1999: “Office Space” (full review) — Mike Judge takes a maze of cubicles and turns it into a feature-length film that’s the personification of Dante’s limbo, then sets it to a fantastic rap soundtrack. It’s good to be a gangsta.

2000: “Quills” (full review) — No other actors slips so effortlessly into the part of the villain as Geoffrey Rush can, and that mirthful, slightly evil glint in his eyes makes him the perfect (and only acceptable) choice to play the infamous Marquis de Sade.

2001: “The Believer” — Based on the true story of Dan Burros, a Jew who became a Neo-Nazi, Henry Bean’s “The Believer” looks unflinchingly at all aspects of faith and features what may be Ryan Gosling’s most gripping performance. Ever. 

2002: “City of God” — Fernando Meirelles’ crime drama plays out like an elegaic marriage of the best parts of Martin Scorsese’s “GoodFellas”  and Charles Dickens’ “Great Expectations,” capturing the bloody, grim realities of a life lived in Brazil’s rough Cidade de Deus (City of God) favela.

2003: “Mystic River” — Author Dennis Lehane understands, deep down in his soul, the rhythms of Boston’s shady, bleak underworld. Director Clint Eastwood understands the people who have fallen through the cracks. Together, “Mystic River,” about three childhood friends dealing with a murder, they make an unbeatable team.

Javier Bardem's performance is anything but bleak.

2004: “Mar adentro” (full review) — Is it possible to make a film about a quadriplegic (Javier Bardem) who wants nothing more than to die and have that film turn out to be an affirmation of life? Look to “Mar adentro” for the answer.

2005: “The Constant Gardener” — Taut political/medical conspiracy thrillers ordinarily don’t offer emotions as complex as the plotlines. But director Fernando Meirelles etches characters (Rachel Weisz, Ralph Fiennes) who matter to each other, and so they matter to us.

2006: “The Lives of Others” (full review) — Movies about Big Brother rarely take the time to humanize the enemy, but director Henckel von Donnersmarck finds humanity even in the most ardent supporter (Ulrich Mühe) of suppressing free will.

2007: “No Country for Old Men” (full review) — Call it the Coens’ Law: Every time you think they’ve made their best movie ever, they top themselves. How they’ll top this gritty, violent and blackly funny caper is something this reviewer has gotta see.

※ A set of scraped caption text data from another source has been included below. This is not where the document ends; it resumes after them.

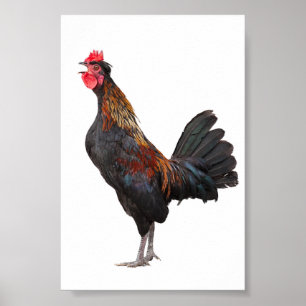 Clucking Chicken Poster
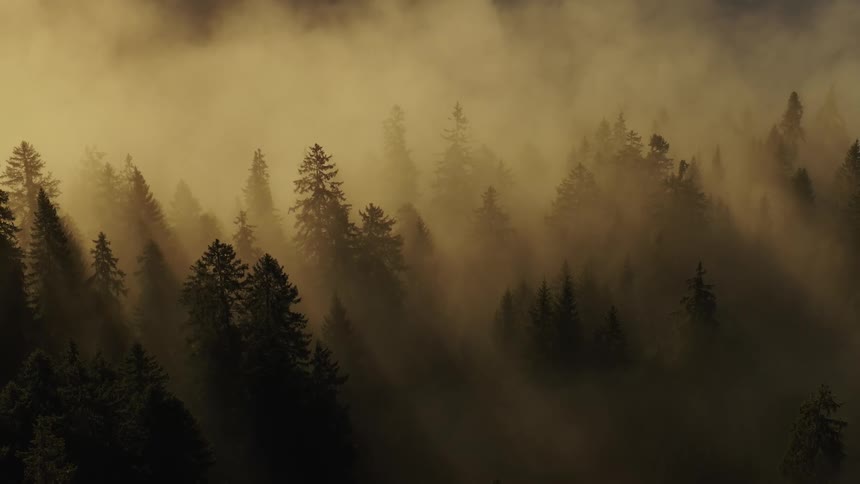 Aerial view of sunlight streams through trees in a foggy forest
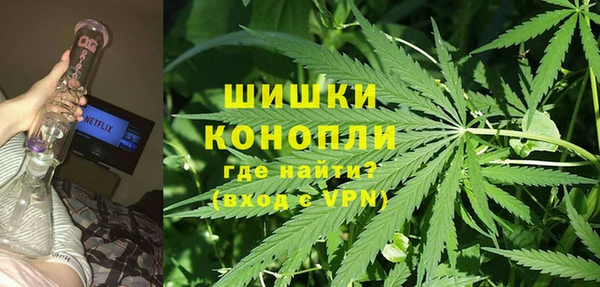 гидра Покров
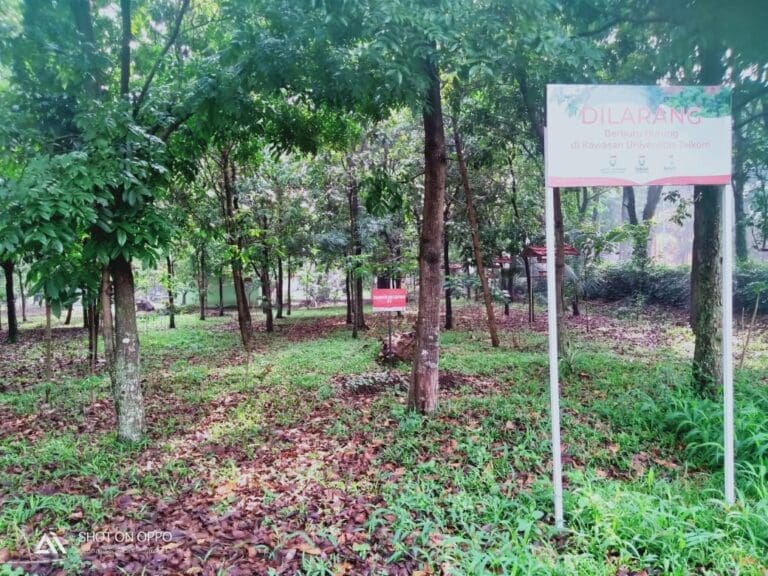 WhatsApp Image 2023 11 17 at 08.54.12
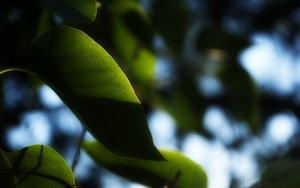 成本控制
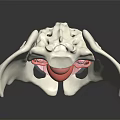 Medical Device Pelvic Anatomical Model With Detailed Internal Structure 3d model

2008: “The Dark Knight” — With “Batman Begins,” Christopher Nolan single-handedly revived a years-ailing franchise; in the inspired sequel — part Greek tragedy, part action flick, part sweeping character drama — he let Heath Ledger reinvent the iconic Joker in the spirit of creation.

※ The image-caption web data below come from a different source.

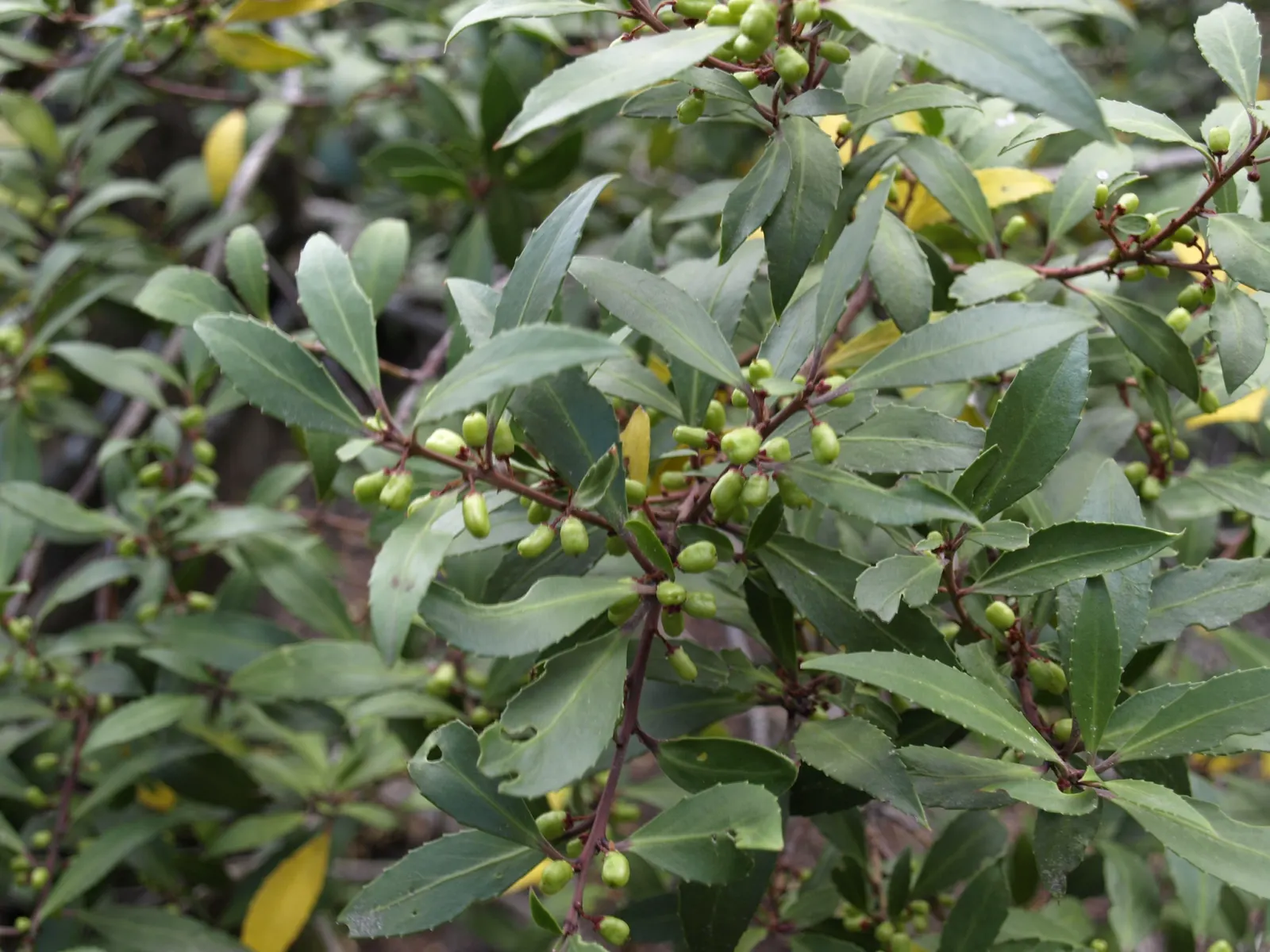 Mayten Tree (Maytenus Boaria) — the Mayten Tree offers subtle; tree for full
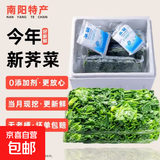 【农村最鲜】春天里荠菜农家野菜荠菜速冻荠菜水饺馄饨馅 南阳【当季新菜4斤】净重 精选商用装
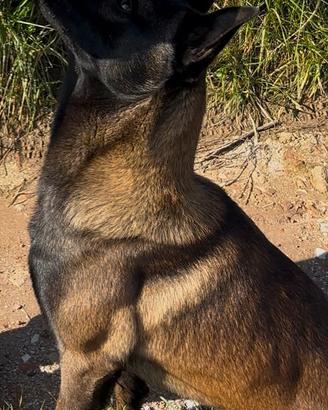 Pastore belga Malinois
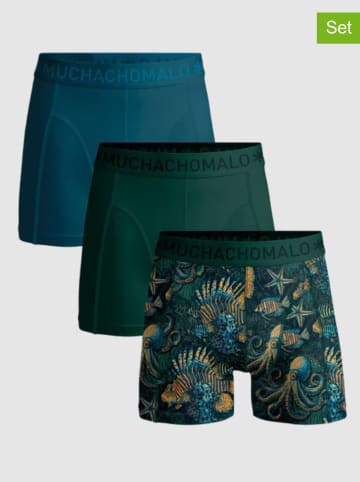 Muchachomalo 3er-Set: Boxershorts in Blau/ Dunkelgrün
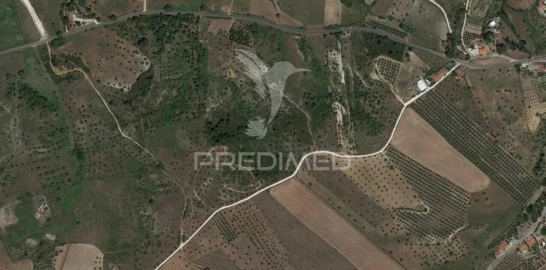 Terreno para Venda em Arneiro das Milhariças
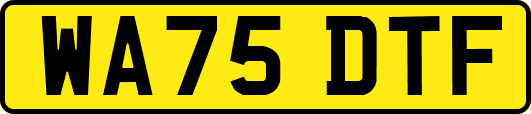 WA75DTF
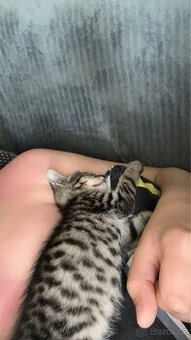 Kote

Get in my bell-ay, Jew Hunter!

2009: “Inglourious Basterds” (full review) — In terms of sheer imagination and cojones, almost no director working today can match Quentin Tarantino, who in this misspelled epic rewrites the ending to WWII and gives cinema one of its greatest villains (Christoph Waltz).

2010: So far? “Shutter Island.” The predicted winner? “True Grit.”

*It’s my birthday and I’m giving you a math lesson. Can you say “nerd”?

No. 41: “Quills” (2000)

“Are your convictions so fragile they cannot stand in opposition to mine? Is your god so flimsy, so weak? For shame.”
~~Marquis de Sade

In 1987, a photographer named Andres Serrano dropped a plastic crucifix in a jar of his urine and snapped a photo. The result, “Piss Christ,” snared accolades and secured grant funding for Serrano. That photo also ignited a firestorm of dismay, disgust and outright hatred, prompting some detractors to send death threats. Fifteen years later, he fired back a retort aimed at everyone who damned him a heretic: “I like to believe that rather than destroy icons, I make new ones.”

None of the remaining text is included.